I bought a set of this from *[Excuse my language.... I have a limited vocabulary]*'s Sporting Goods. It seemed like a good deal Around Sixty bucks for bibs and a coat. I wore the coat twice and washed it once exactly to label instructions. The inside liner became torn at a few of the seems. Then I noticed that there are loose threads all over and the zipper is starting to become detached at the bottom. I bought it early, more than 30 days before I used it, so Dicks wouldn't refund the money.


----------



## youngdon (Mar 10, 2010)

I'd be having a word (kindly) with the store manager and if he didn't help I'd be looking up huntworths website and dropping them a line. You may end up right where you are but at least you'll have tried all the avenues.


----------



## hassell (Feb 9, 2010)

Benbibler said:


> I bought a set of this from *[Excuse my language.... I have a limited vocabulary]*'s Sporting Goods. It seemed like a good deal Around Sixty bucks for bibs and a coat. I wore the coat twice and washed it once exactly to label instructions. The inside liner became torn at a few of the seems. Then I noticed that there are loose threads all over and the zipper is starting to become detached at the bottom. I bought it early, more than 30 days before I used it, so Dicks wouldn't refund the money.

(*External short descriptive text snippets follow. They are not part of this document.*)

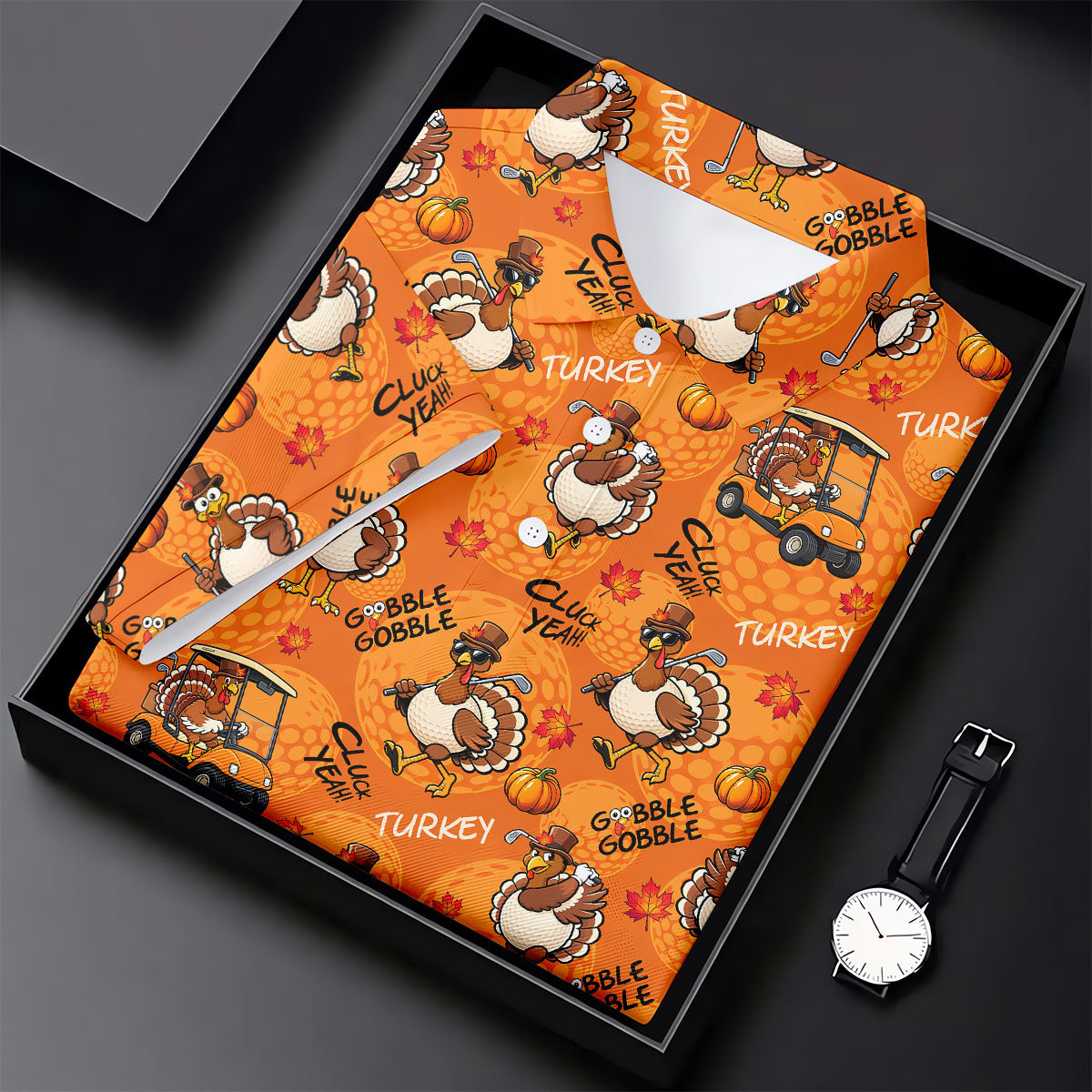 Turkey Golf Cart Thanksgiving Golf Shirt, Golf Shirts For Women, Womens Golf Clothing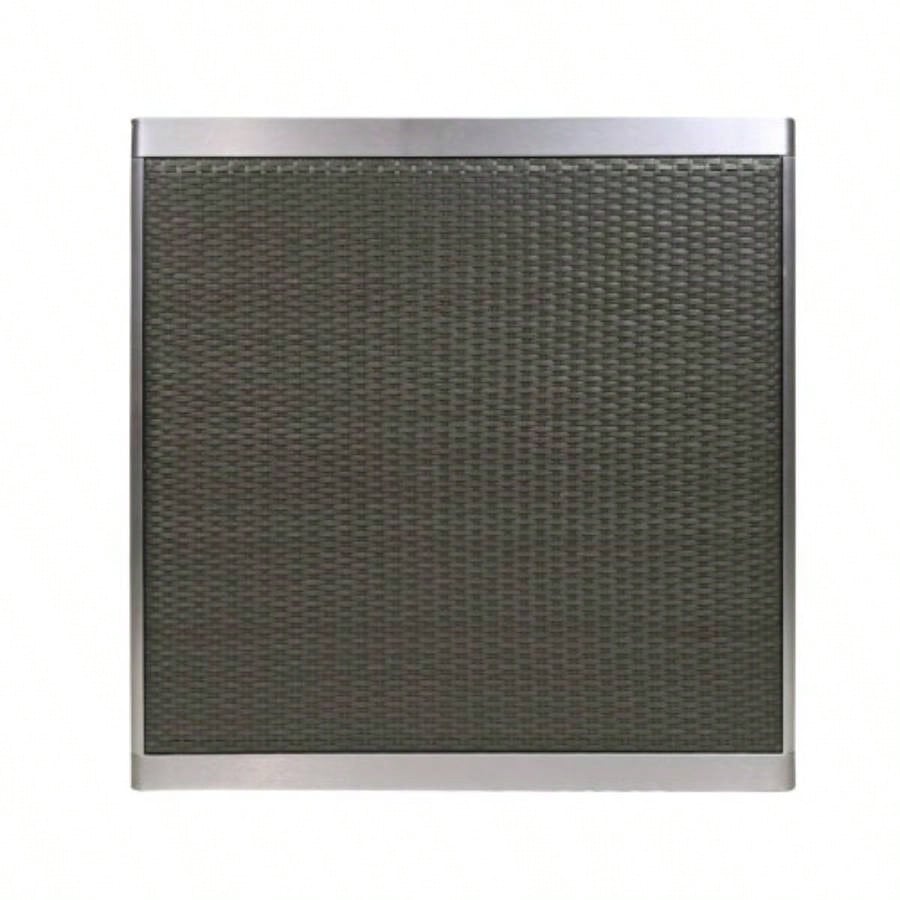 Outdoor Dining Table - Anodized Aluminum - Wicker Table Top - Square - Silver and Gray - 35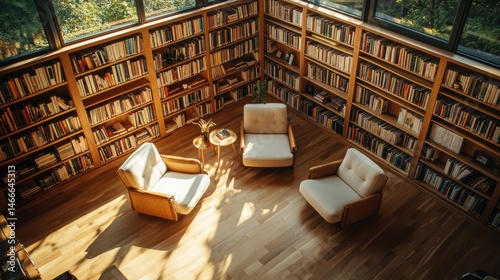 Modern library or bookstore interior with Learning and coworking space,relax zone,Library with rows of bookshelves arranged,school,university,shared desk and chairs,panoramic window.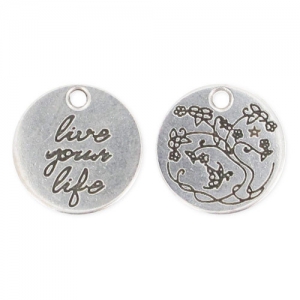 Live Your Life sequin 15mm Antique Silver Plating x1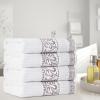 Superior 6-Piece Cotton Towel Set, Decorative Greek Pattern, Home Essentials, Absorbent Towels, Bathroom Decor, Spa, Resort, Includes 2 Hand, 2 Face and 2 Bath Towels, Athens Collection, Grey(Chrome)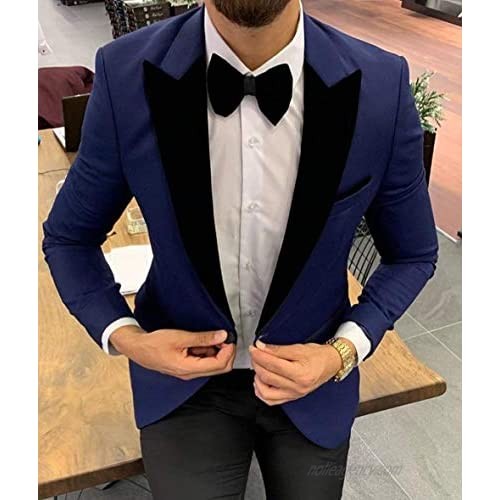 MLAEKT Men's Casual Suits Slim Fit 2 Piece Velvet Notch Lapel Business Jacket Blazer Pants for Wedding Groomsmen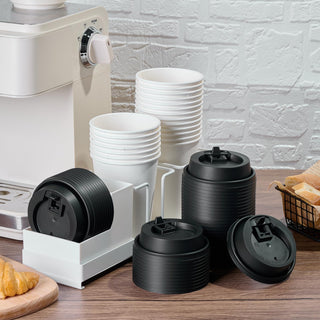 3.54'' Black & White Plastic Lids for 10oz/ 12oz/ 16oz/ 20oz Paper Cups - LITOPAK - JOLLYCHEF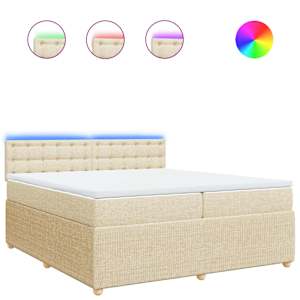Box spring postel s matrací krémová 200x200 cm textil - obrázek 2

If I want to do the white camo thing I'll grab set of painter coveralls from the hardware store for $5.00 and get a dozen or more outings with them.


----------



## bones44 (Jan 7, 2011)

Hey Ben, I bought the lightweight Huntsworth. It's made decently but man is it noisy in the cold ! I threw it in the bottom of the closet with all the other worthless crap I need to get rid of.


----------



## Benbibler (Nov 19, 2011)

bones44 said:


> Hey Ben, I bought the lightweight Huntsworth. It's made decently but man is it noisy in the cold ! I threw it in the bottom of the closet with all the other worthless crap I need to get rid of.


You must have got one made on Tuesday. Mine was sewn at the end of an eighty-hour work week before the Chinese new year.


----------



## knapper (Feb 5, 2010)

Check out the over whites that can be bought at different places and Cabelas has camo netting that you can use as a blind or cover yourself with. Be sure someone is taping this so it can be put on youtube. I have been using ponchos and have several for the different amount of snow in the trees and in the open areas. You can put a lot of warm cloths under the poncho as well.


----------



## youngdon (Mar 10, 2010)

bones44 said:


> Hey Ben, I bought the lightweight Huntsworth. It's made decently but man is it noisy in the cold ! I threw it in the bottom of the closet with all the other worthless crap I need to get rid of.


Maybe after Bens looses all the threads and the zipper his will be a lightweight model also.


----------